Here is a tip – if you really want to confuse your young child, send them mixed signals.
Every time I listen to members of the current administration speaking about the states of the economy, I feel like that young, confused child receiving mixed signals from his parents. Case in point, look what Federal Reserve chairman Bernanke and President Bush were quoted as saying Monday about the current economic situation…
“Well, you hear a lot of loose talk, but let me just … say, as a scholar of the Great Depression — and I’ve written books about the Depression and been very interested in this since I was in graduate school, there’s no comparison,”
“I can remember sitting in the Roosevelt Room with Hank Paulson and Ben Bernanke and others, and they said to me that if we don’t act boldly, Mr.

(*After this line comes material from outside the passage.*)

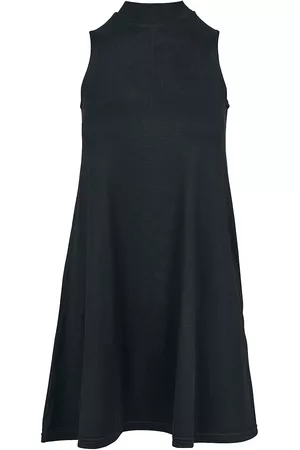 Urban classics Lyhyt mekko - Ladies A-Line Turtleneck Dress - XS- 5XL - varten Naiset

President, we could be in a depression greater than the Great Depression,”
President Bush was recalling a conversation between himself, Bernanke and Treasury Secretary Henry Paulson only weeks ago. During the last two months only negative information has hit the market – housing starts at lows, unemployment rising, credit still unavailable, Citi Group needed Government assistance – so what changed and which is it.
Is the United States simply in a long, deep recession or is the Nation facing a “depression greater than the Great Depression”
I am not a believe of conspiracy theories, and I have no intent on being cynical, but it almost appears Bernanke and Paulson are giving the “real” information to Bush and trying to keep the public calm by saying “there is nothing to worry about, pay no attention to the man behind the curtain”. Actually, the ones who are really getting the correct signals are those pulling money out of hedge funds but it even looks like they are starting to have problems getting their money.
Economic information aside, if the administration wants to make public perception of the economic situation any worse, continue to send mixed signals.
Oh – and for the record – I think Bernanke is right, this has no major comparison to the Great Depression of 1929. To me it smacks of, and has a direct comparison to, the Long Depression of 1873.